PROMPT – Two lines below mark the span: the one containing "土佐しらぎくのレビュー by_たけ" and the one containing "HLA海澜之家西服套装女24新春秋新一粒扣气质西装套装女HTXAW3W301A 米杏Y2 165/88A". Set down both, plus every line between, exactly as they stand, and nothing else.
(RECORDS Opens)
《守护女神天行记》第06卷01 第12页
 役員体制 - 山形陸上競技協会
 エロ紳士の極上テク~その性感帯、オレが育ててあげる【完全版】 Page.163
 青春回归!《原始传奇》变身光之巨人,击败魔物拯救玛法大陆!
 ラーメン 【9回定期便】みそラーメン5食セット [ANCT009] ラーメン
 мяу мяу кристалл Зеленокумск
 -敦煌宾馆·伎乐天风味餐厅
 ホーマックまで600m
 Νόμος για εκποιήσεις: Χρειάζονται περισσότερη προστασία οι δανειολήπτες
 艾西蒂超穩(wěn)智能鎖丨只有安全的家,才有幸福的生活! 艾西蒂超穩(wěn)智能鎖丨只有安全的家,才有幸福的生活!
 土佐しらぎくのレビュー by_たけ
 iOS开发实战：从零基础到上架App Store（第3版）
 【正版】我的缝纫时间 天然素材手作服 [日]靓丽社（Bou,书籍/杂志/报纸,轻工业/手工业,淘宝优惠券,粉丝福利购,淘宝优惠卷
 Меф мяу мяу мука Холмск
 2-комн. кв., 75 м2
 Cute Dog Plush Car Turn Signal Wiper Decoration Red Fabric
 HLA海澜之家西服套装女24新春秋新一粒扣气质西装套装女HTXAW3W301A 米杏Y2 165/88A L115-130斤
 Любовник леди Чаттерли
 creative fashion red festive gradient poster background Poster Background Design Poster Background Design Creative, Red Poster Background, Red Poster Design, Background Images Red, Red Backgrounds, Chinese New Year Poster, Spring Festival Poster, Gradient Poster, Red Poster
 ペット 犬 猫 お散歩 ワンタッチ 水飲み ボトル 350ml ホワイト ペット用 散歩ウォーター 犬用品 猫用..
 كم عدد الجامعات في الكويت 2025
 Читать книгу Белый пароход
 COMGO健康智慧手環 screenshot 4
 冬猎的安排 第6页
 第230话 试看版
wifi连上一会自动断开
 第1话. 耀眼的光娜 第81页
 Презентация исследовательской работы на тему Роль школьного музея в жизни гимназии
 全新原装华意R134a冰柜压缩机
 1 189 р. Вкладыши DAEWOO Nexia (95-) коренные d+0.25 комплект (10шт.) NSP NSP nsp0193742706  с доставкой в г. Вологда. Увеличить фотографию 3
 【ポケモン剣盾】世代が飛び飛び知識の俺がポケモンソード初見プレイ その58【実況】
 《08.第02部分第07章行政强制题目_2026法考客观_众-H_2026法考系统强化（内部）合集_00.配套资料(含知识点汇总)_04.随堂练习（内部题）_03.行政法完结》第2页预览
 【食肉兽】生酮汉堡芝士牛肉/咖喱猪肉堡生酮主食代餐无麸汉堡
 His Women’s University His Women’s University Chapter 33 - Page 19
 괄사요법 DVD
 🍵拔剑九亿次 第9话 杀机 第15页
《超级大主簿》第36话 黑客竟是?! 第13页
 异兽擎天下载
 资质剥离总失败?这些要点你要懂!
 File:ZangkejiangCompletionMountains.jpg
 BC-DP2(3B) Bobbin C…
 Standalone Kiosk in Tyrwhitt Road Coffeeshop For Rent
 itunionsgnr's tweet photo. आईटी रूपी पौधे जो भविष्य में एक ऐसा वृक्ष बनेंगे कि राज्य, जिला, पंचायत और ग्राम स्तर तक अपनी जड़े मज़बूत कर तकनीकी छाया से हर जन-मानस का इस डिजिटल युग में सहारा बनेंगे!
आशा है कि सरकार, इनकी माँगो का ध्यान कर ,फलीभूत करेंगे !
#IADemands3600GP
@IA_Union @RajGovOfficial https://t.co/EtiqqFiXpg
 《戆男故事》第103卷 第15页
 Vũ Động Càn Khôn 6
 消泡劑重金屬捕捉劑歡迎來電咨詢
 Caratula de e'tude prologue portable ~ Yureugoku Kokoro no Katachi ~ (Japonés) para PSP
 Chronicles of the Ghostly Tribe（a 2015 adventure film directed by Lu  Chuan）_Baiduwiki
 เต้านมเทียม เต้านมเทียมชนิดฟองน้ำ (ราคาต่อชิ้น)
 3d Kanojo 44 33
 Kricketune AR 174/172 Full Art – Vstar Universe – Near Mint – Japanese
(RECORDS Closes)
PROBLEM SOLUTION –
 土佐しらぎくのレビュー by_たけ
 iOS开发实战：从零基础到上架App Store（第3版）
 【正版】我的缝纫时间 天然素材手作服 [日]靓丽社（Bou,书籍/杂志/报纸,轻工业/手工业,淘宝优惠券,粉丝福利购,淘宝优惠卷
 Меф мяу мяу мука Холмск
 2-комн. кв., 75 м2
 Cute Dog Plush Car Turn Signal Wiper Decoration Red Fabric
 HLA海澜之家西服套装女24新春秋新一粒扣气质西装套装女HTXAW3W301A 米杏Y2 165/88A L115-130斤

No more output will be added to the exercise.